On Sunday, I stopped briefly in “my” meadow, just as the sun was setting.
There’s something fragile about a winter sunset. Even though the clouds of a winter sky often seem heavier than those of summer, their color seems to fade more quickly, and the colors tend more toward pearl and gray, rather than blue and violet.
Still, it is beautiful.
And the colors of a winter sky seem to better complement the muted colors of field and forest. In the fields, the dried corn stubble has lost its golden undertone, and shows silver-grey against the black soil. Across the meadow, the woods look black, except where the lingering oak and beech leaves add notes of dun and taupe.
Muted colors for the end of autumn.
Of course, at this time of year, we see all around us the fragility of life itself, as leaves die and fall, birds flee the cold and dark, the life-giving sun seems paler and more distant, and we enter the long period of darkness that is winter.
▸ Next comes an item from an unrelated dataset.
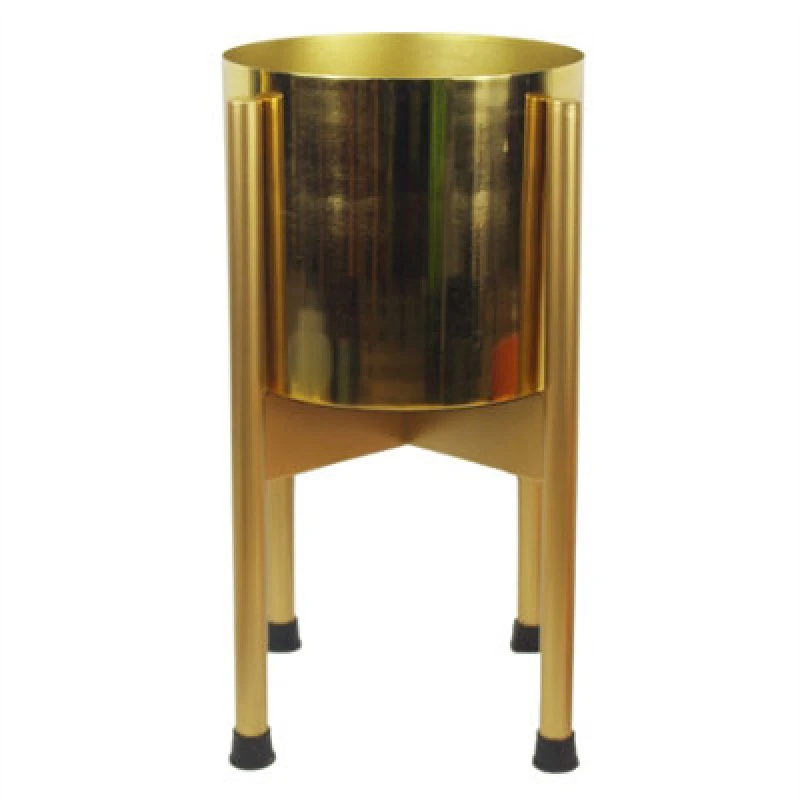 Image of Leaf Medium Gold Stand With Gold Metal Planter 38.5Cm X 18Cm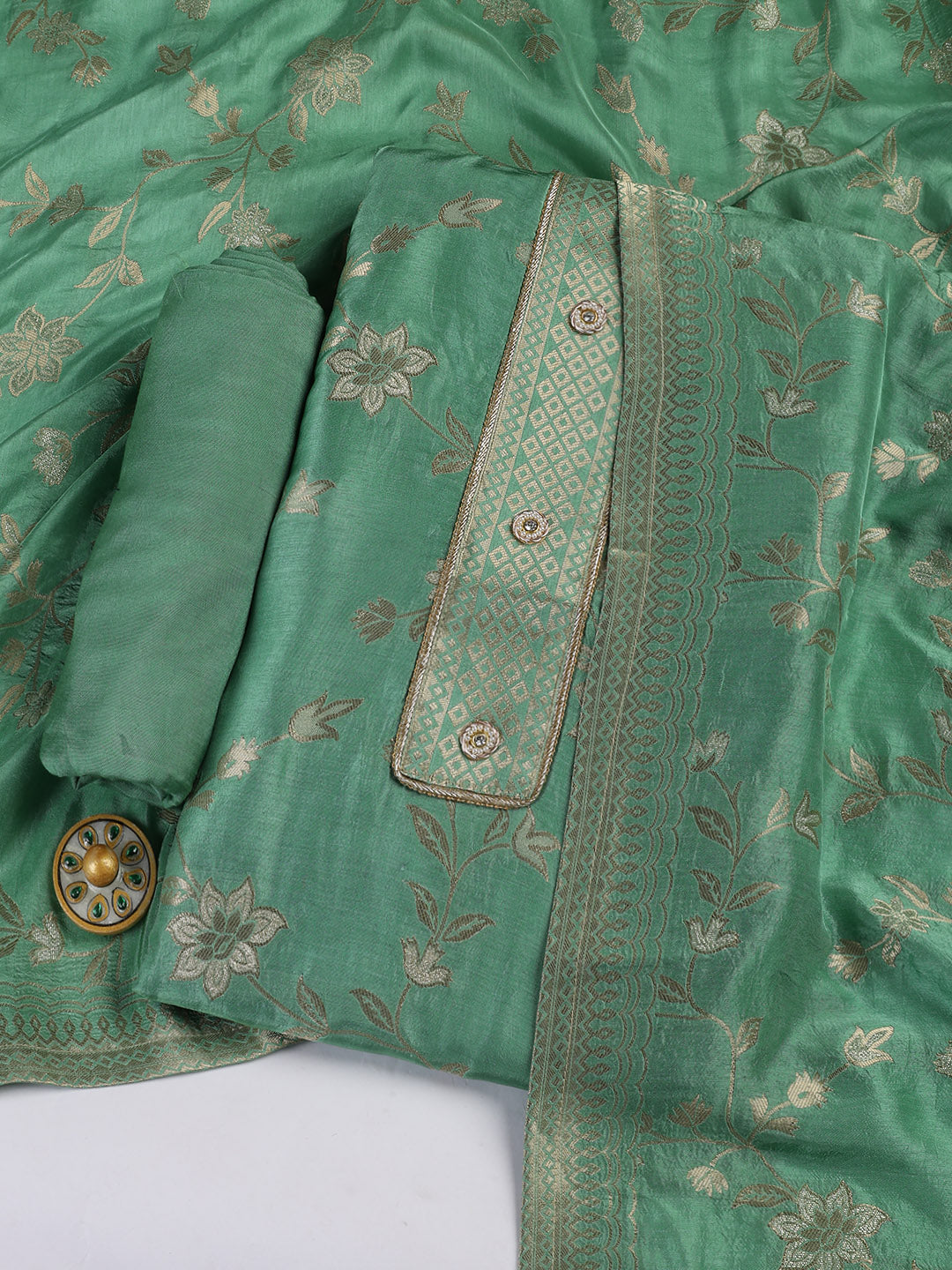Embroidery Chanderi Unstitched Suit With Dupatta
As I sat and watched the sky, I became aware of a slight, very slight, movement at the edge of the field, near one of the tree “islands” that is a haven for birds and animals. I looked closely, peering through the dusk. And then there it was: A ring-necked pheasant, a male.
As I raised my field glasses, it crouched down and tried to become invisible. I assume that it’s one of the poor captive birds that hunters raise and release here in order to kill them. That’s a fragile existence―
I took a few quick photos and moved on, leaving the bird crouching in the gathering darkness.